*Task instructions*
Copy the lines below exactly. Start at the first and finish with the line containing "292 James Street, Harristown QLD 4350".

[Records drawn from a dataset]
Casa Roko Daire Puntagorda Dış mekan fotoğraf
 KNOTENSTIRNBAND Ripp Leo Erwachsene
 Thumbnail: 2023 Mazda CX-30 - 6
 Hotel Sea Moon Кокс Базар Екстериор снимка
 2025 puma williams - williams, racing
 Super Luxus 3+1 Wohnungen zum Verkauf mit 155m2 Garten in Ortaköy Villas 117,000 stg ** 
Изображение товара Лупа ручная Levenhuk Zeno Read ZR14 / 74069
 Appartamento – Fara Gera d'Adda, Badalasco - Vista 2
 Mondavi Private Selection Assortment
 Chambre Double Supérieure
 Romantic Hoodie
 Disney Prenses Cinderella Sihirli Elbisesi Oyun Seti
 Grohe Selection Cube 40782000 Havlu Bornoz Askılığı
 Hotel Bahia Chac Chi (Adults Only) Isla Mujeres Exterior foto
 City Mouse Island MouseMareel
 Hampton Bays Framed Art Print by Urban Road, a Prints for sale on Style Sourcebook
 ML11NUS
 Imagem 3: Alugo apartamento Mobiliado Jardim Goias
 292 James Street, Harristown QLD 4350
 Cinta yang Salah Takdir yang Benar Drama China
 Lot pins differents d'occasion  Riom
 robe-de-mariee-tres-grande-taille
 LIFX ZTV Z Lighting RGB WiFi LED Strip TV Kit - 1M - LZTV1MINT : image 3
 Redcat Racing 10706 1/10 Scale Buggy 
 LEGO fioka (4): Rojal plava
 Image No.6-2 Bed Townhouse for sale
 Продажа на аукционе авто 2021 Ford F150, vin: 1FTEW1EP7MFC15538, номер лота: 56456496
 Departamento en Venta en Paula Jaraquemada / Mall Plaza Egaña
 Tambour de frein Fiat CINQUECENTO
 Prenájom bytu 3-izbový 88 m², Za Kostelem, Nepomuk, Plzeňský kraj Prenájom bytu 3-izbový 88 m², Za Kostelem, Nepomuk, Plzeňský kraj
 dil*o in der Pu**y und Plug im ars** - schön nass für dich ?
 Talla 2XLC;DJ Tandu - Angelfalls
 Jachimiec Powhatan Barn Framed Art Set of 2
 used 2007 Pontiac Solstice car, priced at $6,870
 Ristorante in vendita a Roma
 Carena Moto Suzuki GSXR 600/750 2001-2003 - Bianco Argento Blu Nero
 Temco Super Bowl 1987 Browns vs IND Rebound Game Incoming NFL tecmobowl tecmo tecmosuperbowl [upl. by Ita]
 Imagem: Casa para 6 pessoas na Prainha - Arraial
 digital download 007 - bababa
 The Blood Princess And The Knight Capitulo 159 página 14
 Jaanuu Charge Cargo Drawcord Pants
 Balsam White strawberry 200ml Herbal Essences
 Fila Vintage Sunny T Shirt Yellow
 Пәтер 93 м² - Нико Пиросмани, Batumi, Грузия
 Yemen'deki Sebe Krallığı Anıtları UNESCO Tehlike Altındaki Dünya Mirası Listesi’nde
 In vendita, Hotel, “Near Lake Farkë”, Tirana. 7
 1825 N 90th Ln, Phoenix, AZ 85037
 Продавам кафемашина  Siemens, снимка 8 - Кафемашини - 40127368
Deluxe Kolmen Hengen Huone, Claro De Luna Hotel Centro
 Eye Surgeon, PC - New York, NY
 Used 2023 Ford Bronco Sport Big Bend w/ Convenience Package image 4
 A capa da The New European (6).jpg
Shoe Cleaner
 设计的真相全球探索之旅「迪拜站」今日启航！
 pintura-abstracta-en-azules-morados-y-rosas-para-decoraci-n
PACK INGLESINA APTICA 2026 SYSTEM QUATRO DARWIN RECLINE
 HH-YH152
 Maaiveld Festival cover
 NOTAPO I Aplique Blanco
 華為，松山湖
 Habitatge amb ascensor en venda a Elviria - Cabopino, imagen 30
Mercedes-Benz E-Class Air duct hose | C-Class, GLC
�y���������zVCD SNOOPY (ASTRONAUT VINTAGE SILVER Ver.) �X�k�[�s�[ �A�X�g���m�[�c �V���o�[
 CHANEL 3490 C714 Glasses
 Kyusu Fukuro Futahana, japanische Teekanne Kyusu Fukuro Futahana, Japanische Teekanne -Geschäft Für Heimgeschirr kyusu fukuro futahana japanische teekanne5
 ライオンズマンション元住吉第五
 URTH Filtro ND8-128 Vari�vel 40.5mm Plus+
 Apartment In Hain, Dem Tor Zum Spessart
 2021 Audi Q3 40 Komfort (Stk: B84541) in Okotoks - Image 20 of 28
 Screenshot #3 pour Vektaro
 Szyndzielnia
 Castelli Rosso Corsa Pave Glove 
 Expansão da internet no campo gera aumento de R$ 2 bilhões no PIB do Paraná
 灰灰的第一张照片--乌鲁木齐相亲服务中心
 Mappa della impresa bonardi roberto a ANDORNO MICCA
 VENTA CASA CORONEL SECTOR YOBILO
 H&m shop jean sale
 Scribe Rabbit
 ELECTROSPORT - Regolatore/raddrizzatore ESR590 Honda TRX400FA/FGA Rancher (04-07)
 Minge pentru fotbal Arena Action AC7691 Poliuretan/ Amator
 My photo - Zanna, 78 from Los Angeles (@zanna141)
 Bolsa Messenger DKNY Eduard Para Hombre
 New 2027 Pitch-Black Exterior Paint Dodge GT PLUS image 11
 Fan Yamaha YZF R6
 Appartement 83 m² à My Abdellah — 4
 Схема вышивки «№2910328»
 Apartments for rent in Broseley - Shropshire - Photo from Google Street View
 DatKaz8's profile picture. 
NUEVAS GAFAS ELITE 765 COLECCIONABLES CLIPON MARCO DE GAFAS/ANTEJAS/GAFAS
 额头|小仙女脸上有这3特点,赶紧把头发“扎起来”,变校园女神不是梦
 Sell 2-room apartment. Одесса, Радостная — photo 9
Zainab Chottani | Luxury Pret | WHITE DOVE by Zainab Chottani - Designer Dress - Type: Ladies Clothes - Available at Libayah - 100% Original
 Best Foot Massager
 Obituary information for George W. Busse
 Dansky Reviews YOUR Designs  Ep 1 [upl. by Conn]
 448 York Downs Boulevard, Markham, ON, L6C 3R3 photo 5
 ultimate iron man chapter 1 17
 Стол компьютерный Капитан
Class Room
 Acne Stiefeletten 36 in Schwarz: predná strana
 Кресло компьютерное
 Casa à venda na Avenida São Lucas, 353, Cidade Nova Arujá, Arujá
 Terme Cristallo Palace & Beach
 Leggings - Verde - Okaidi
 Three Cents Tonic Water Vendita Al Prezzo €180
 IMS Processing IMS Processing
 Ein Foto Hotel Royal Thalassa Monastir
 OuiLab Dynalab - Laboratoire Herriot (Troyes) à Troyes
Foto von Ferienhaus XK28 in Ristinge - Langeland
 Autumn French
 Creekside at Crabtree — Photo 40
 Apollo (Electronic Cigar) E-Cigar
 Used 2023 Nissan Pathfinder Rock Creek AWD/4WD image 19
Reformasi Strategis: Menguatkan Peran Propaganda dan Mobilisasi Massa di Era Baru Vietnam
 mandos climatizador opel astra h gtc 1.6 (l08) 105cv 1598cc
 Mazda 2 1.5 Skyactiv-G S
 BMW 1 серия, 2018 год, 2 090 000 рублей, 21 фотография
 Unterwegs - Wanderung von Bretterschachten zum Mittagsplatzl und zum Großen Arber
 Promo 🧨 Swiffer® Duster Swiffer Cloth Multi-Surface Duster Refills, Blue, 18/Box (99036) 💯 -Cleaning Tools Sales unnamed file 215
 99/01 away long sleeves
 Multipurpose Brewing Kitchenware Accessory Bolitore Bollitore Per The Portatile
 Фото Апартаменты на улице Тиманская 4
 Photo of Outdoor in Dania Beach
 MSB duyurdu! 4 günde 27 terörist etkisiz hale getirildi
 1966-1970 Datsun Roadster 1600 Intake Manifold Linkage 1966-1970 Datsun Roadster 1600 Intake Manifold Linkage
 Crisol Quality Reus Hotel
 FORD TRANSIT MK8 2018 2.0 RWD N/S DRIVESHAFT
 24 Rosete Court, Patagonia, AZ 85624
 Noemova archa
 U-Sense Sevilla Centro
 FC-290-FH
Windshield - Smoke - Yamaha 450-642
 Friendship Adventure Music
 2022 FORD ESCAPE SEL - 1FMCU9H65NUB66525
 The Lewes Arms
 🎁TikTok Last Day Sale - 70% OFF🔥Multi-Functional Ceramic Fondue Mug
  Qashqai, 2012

*Solved problem*
Casa Roko Daire Puntagorda Dış mekan fotoğraf
 KNOTENSTIRNBAND Ripp Leo Erwachsene
 Thumbnail: 2023 Mazda CX-30 - 6
 Hotel Sea Moon Кокс Базар Екстериор снимка
 2025 puma williams - williams, racing
 Super Luxus 3+1 Wohnungen zum Verkauf mit 155m2 Garten in Ortaköy Villas 117,000 stg ** 
Изображение товара Лупа ручная Levenhuk Zeno Read ZR14 / 74069
 Appartamento – Fara Gera d'Adda, Badalasco - Vista 2
 Mondavi Private Selection Assortment
 Chambre Double Supérieure
 Romantic Hoodie
 Disney Prenses Cinderella Sihirli Elbisesi Oyun Seti
 Grohe Selection Cube 40782000 Havlu Bornoz Askılığı
 Hotel Bahia Chac Chi (Adults Only) Isla Mujeres Exterior foto
 City Mouse Island MouseMareel
 Hampton Bays Framed Art Print by Urban Road, a Prints for sale on Style Sourcebook
 ML11NUS
 Imagem 3: Alugo apartamento Mobiliado Jardim Goias
 292 James Street, Harristown QLD 4350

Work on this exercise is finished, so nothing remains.